**Instructions to follow**
Leave the images behind and copy every record exactly.

**Available data**
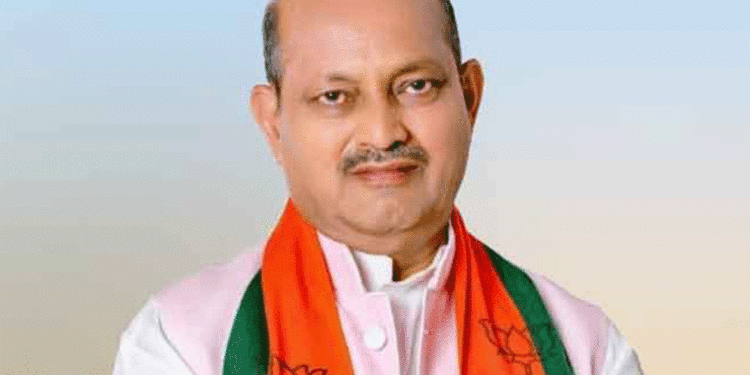 ପୁଣି ବିଜେପି ରାଜ୍ୟ ସଭାପତି ହେବେ ମନମୋହନ ସାମଲ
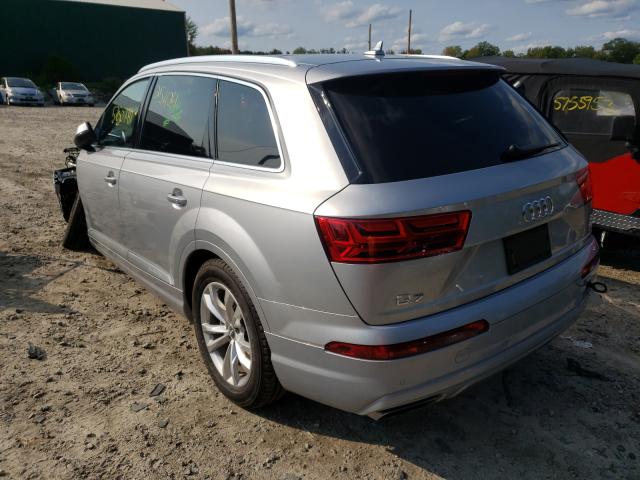 VIN WA1LAAF75JD013108 2018 Audi Q7, Premium Plus no.3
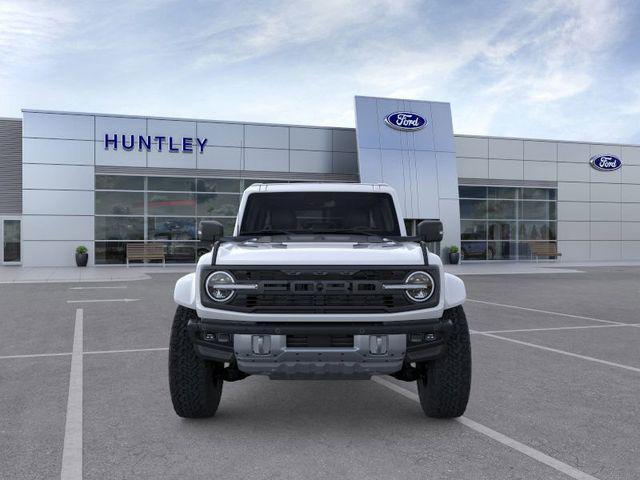 new 2025 Ford Bronco car, priced at $77,752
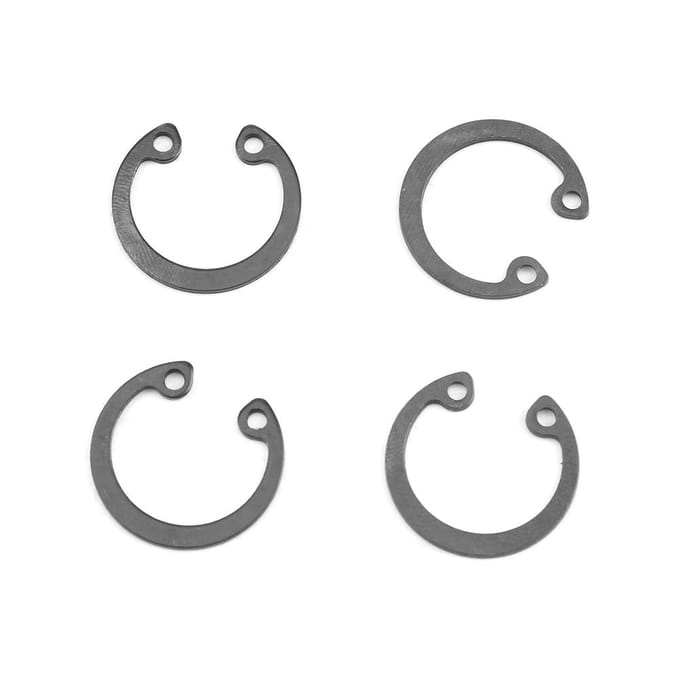 225 stuks Interne & Externe Borgring Circlip Sorteerdoos Set 18 Maten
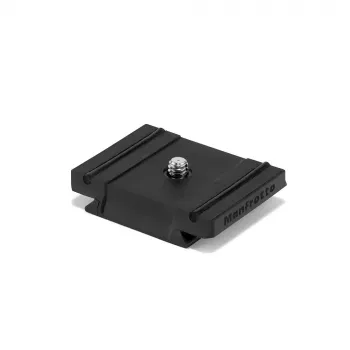 Manfrotto 200LT-PL-PRO placa de libertação rápida (preto)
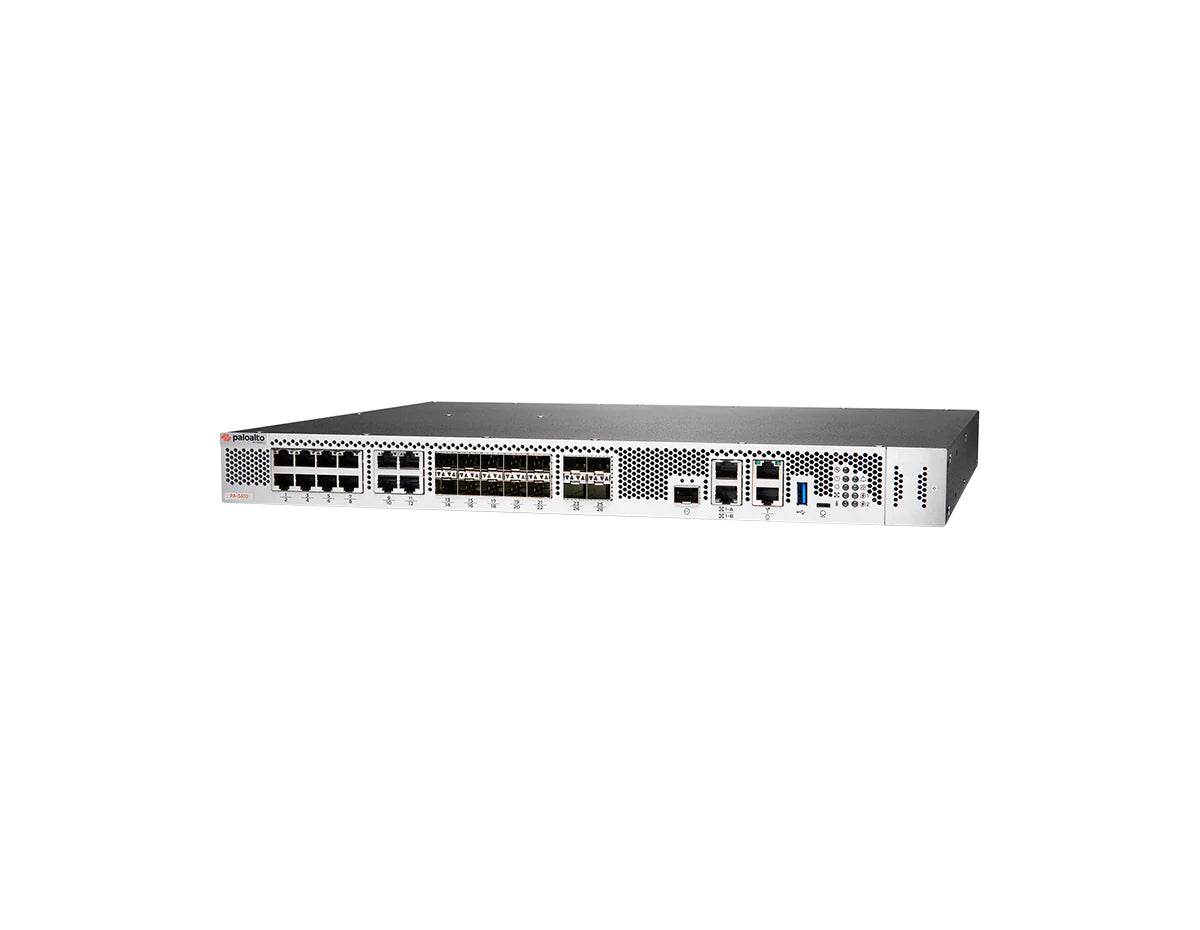 Palo Alto PA-3410 Firewall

**Solved exercise**
 ପୁଣି ବିଜେପି ରାଜ୍ୟ ସଭାପତି ହେବେ ମନମୋହନ ସାମଲ
 VIN WA1LAAF75JD013108 2018 Audi Q7, Premium Plus no.3
 new 2025 Ford Bronco car, priced at $77,752
 225 stuks Interne & Externe Borgring Circlip Sorteerdoos Set 18 Maten
 Manfrotto 200LT-PL-PRO placa de libertação rápida (preto)
 Palo Alto PA-3410 Firewall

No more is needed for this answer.